Por supuesto, gran parte de la culpa de este estado de cosas es nuestra y solo nuestra. De los que con nuestro silencio, con nuestra apatía y desidia dejamos que las cosas sean a así amparándonos en que “las cosas siempre han sido así” “nosotros no podemos hacer nada” y toda la batería de lugares comunes y tópicos que constituyen el resignado discurso de quien da la batalla por perdida antes de iniciarla.
Creo recordar que nuestro presidente, antes de dedicarse a la cosa pública era registrador de la propiedad, también ha habido políticos mineros, catedráticos de historia, o profesores de lengua y literatura. Pero lo más habitual es que nuestra clase política se nutra de gente que hace del ejercicio de la misma profesión desde la universidad hasta la jubilación. Gente conocedora de todas las habilidades necesarias para destacar en los partidos, que asciende puestos en los mismos hasta llegar, por ejemplo a la presidencia del gobierno. Lo cual es absolutamente lícito, e incluso ético. Lo que no sé es si es práctico. Para la gente de a pie. Para ellos, los políticos evidentemente es algo de lo más confortable vivir entre despachos y coches oficiales, alejados de la calle y, lo peor, de la gente del común que solemos ir por la ella, entrar en los bares, acudir a nuestros trabajos u oficinas de empleo. Gente, en fin, que conoce la vida de primera mano.
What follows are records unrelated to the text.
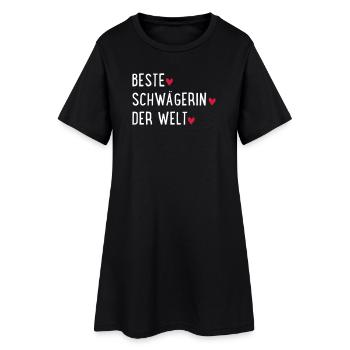 Beste Schwägerin der Welt - Frauen T-Shirt-Kleid - Schwarz - Vorne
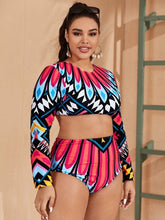 Load image into Gallery viewer, African Print Style Two Piece Bikini
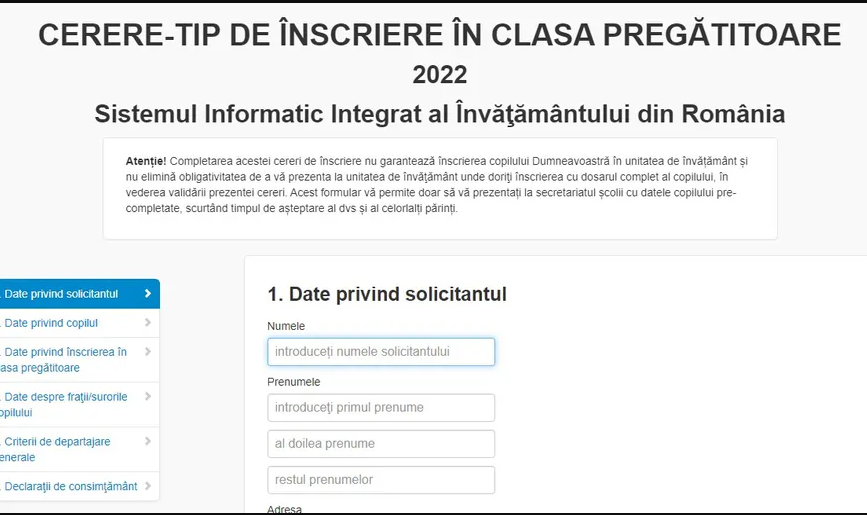 ÎNSCRIERE clasa pregătitoare 2022. Părinţii pot depune cererile, inclusiv online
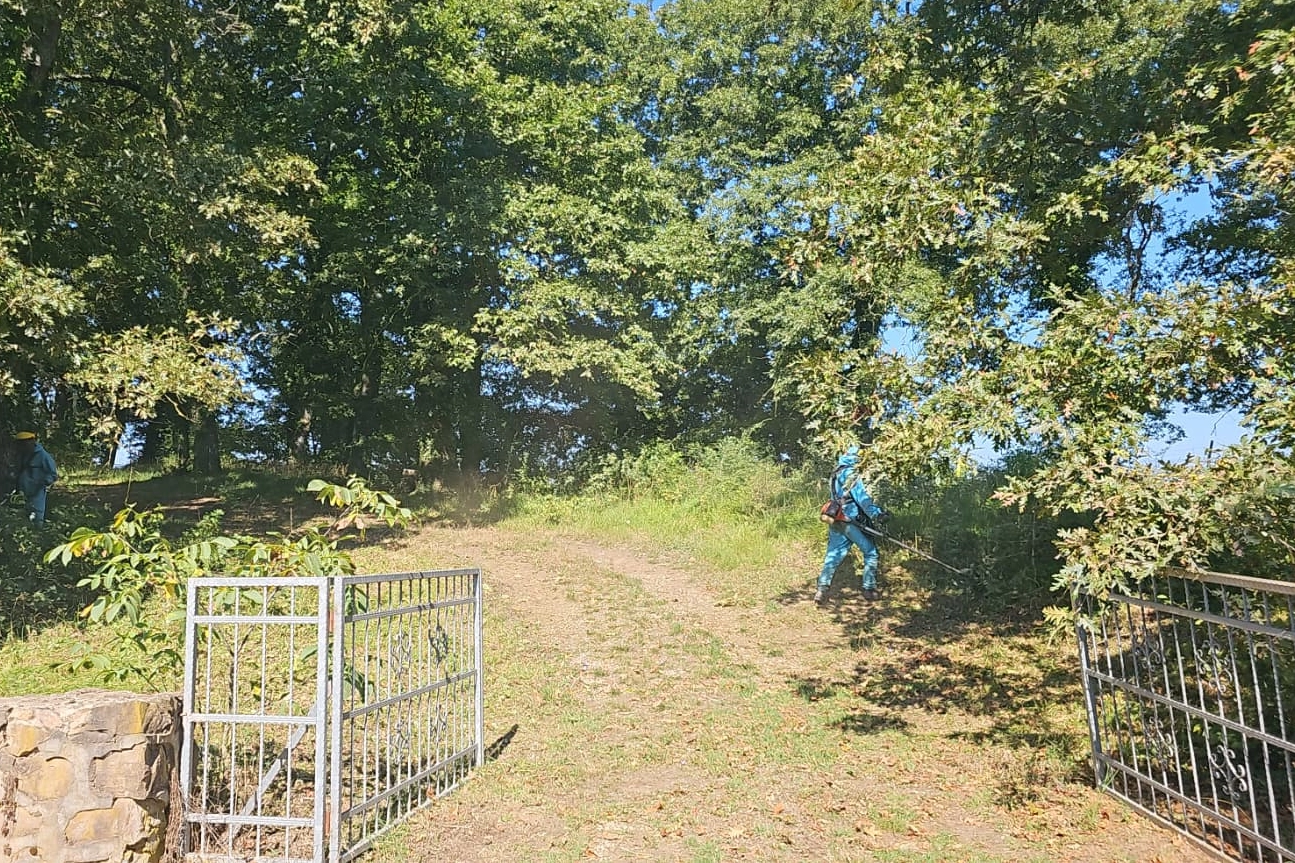 Kocaeli Derince&rsquo;de mezarlıklara titiz bakım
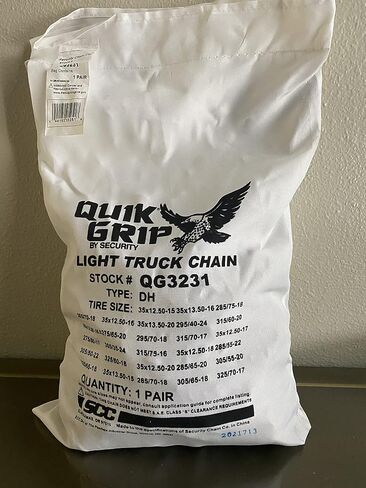 شركة Security Chain Company QG3227CAM Quik Grip سلسلة جر لإطارات الشاحنات الخفيفة من النوع CAM-DH - مجموعة من 2 in Kuwait
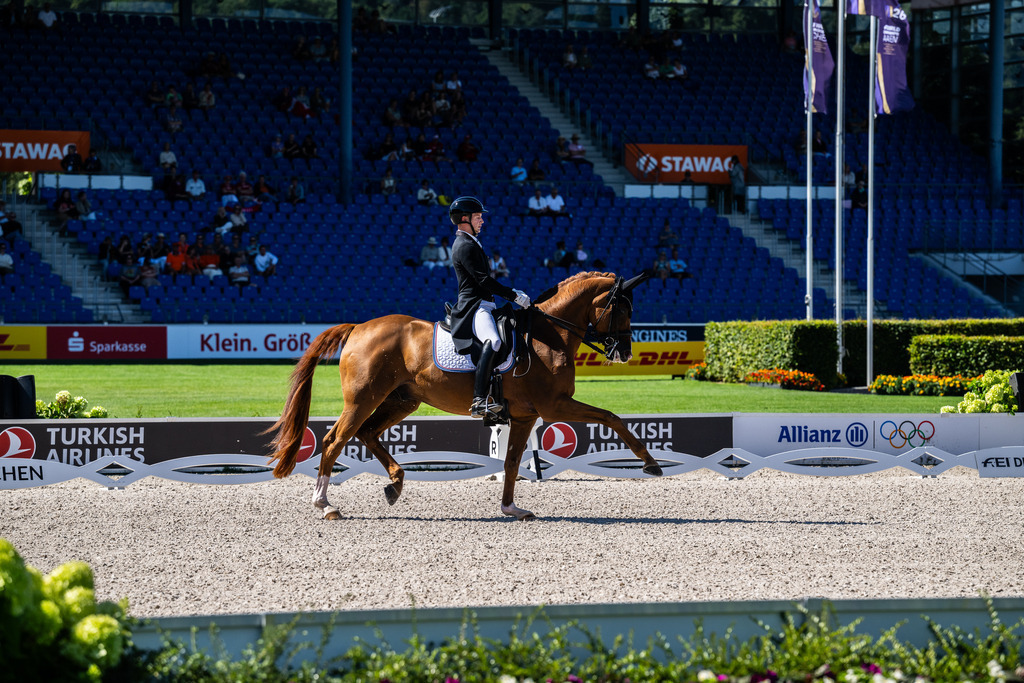 FEI World Championships | Nicolas Wagner Ehlinger (LUX) and Quater Back Junior during the Grand Prix de Dressage at Aachen 2026 - FEI World Championships - Realisiert mit Pictrs.com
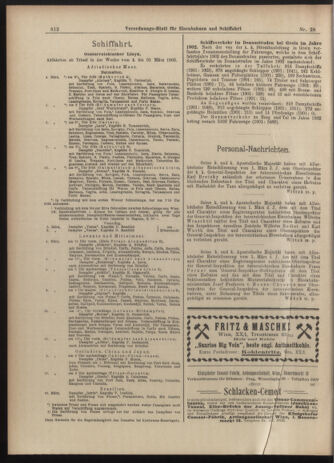 Verordnungs-Blatt für Eisenbahnen und Schiffahrt: Veröffentlichungen in Tarif- und Transport-Angelegenheiten 19030307 Seite: 4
Y eso es algo que falta, creo yo, a nuestros representantes políticos. Conocer la opinión de la gente de primera mano, no a través de las encuestas; saber lo que se siente en la cola del paro, pero por experiencia propia, no por ir a hacerse una foto. Saber que es trabajar para ganarse un sueldo que apenas da para cubrir las necesidades mínimas. Naturalmente, no pretendo generalizar y decir que a todos, pero todos, todos, les falta esa ese conocimiento del mundo que da la calle, el contacto con la gente; pero si creo que a bastantes de nuestros representantes de uno u otro partido les haría bien tomarse, no un año sabático, sino un año de vida real. ¿Serían capaces de redactar un currículo?, ¿de patear la calle para entregarlo en las empresas?, ¿de viajar en autobús o metro -mejor aún, en bicicleta- para ir a su puesto de trabajo? Nada de eso les haría mejores personas; pero estoy seguro de que si les haría mejores gestores de nuestro dinero. Porque ese dinero público, que dicen que no es de nadie, es de todos.
Sin embargo cuando se bajan de los coches oficiales y entran en sus despachos se aíslan por completo de la realidad que vivimos, sufrimos, la gente de verdad, la que hace funcionar el país con su trabajo y su afán diario. Encerrados en la cárcel de oro, mucho más de oro que cárcel o en la torre de marfil de sus aspiraciones cumplidas ignoran, cuando no desprecian, el sufrimiento de la gente.
Por supuesto, gran parte de la culpa de este estado de cosas es nuestra y solo nuestra. De los que con nuestro silencio, con nuestra apatía y desidia dejamos que las cosas sean a así amparándonos en que “las cosas siempre han sido así” “nosotros no podemos hacer nada” y toda la batería de lugares comunes y tópicos que constituyen el resignado discurso de quien da la batalla por perdida antes de iniciarla.